= Hiram C. Bull =

American politician

Hiram C. Bull (August 19, 1820 - October 12, 1879) was an American businessman, politician, and military officer.

Born in Laona, Chautauqua County, New York, he went to school in Fredonia, New York, where he also studied law. He was admitted to the New York bar in 1843 and practiced law. He moved to Johnstown, Pennsylvania and then to Milwaukee, Wisconsin. He lived briefly in California. Bull then opened lumberyards in Milwaukee as well as Janesville and Madison, Wisconsin. Bull served in the second Wisconsin Constitutional Convention of 1847–1848. He then served in the Wisconsin State Senate, from Madison, Wisconsin, in 1857 and 1858 as a Republican. He served as adjutant-general of Wisconsin. Bull also was involved with the Wisconsin Historical Society. In 1859, he moved to St. Louis, Missouri and then to Arizona Territory and New Mexico Territory. He served in the 9th Iowa Volunteer Infantry Regiment during the American Civil War.
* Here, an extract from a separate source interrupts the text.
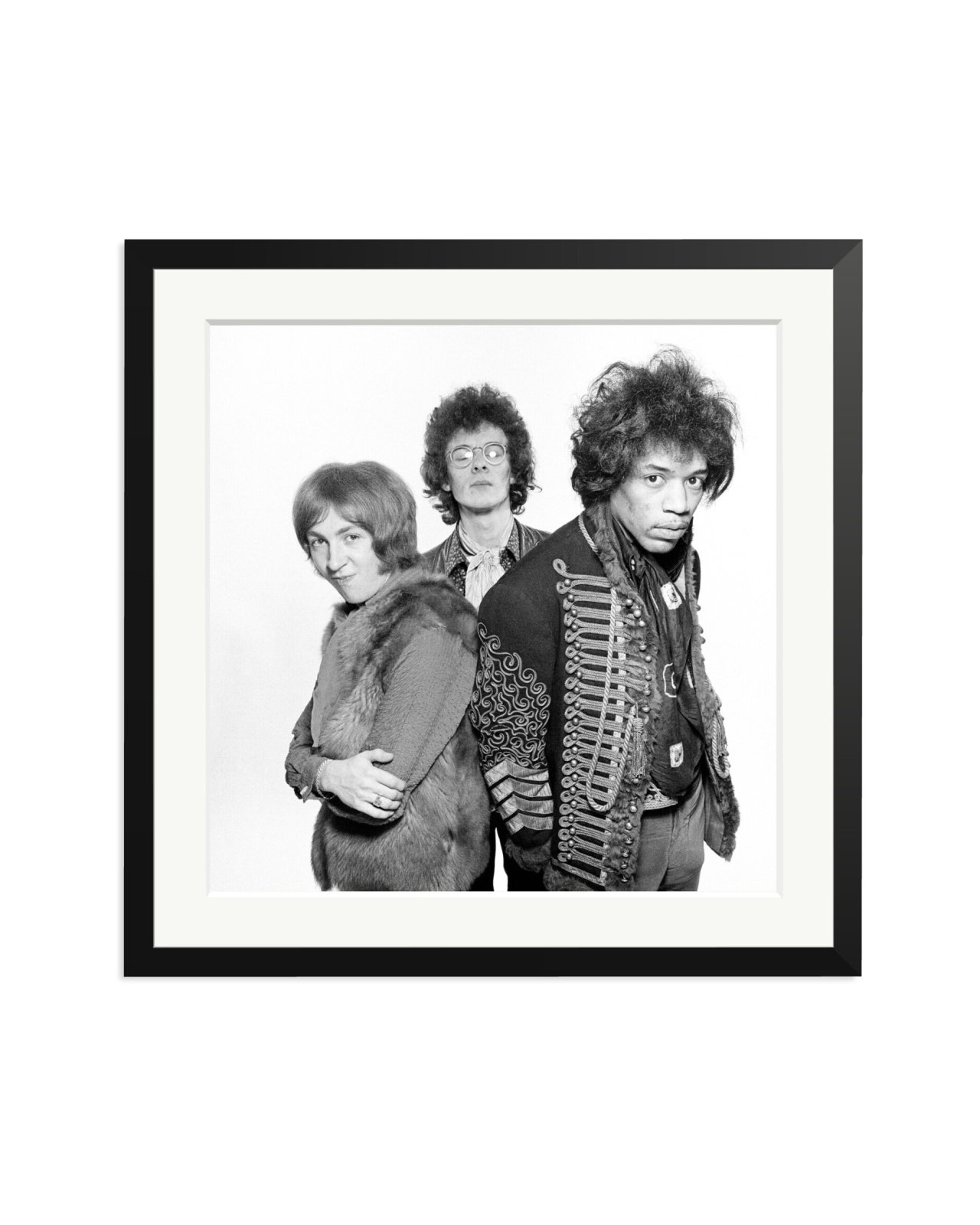 Jimi Hendrix and The Experience Black / XL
After the war, Bull opened a lumberyard in Leavenworth, Kansas. In 1870, he helped found the town of Bull City, Kansas in Osborne County, Kansas. In 1872, Bull served as probate judge for Osborne County. From 1877 until his death in 1879, Bull served in the Kansas House of Representatives as a Republican. On October 12, 1879, Bull was gored to death by an elk at his home in Bull City.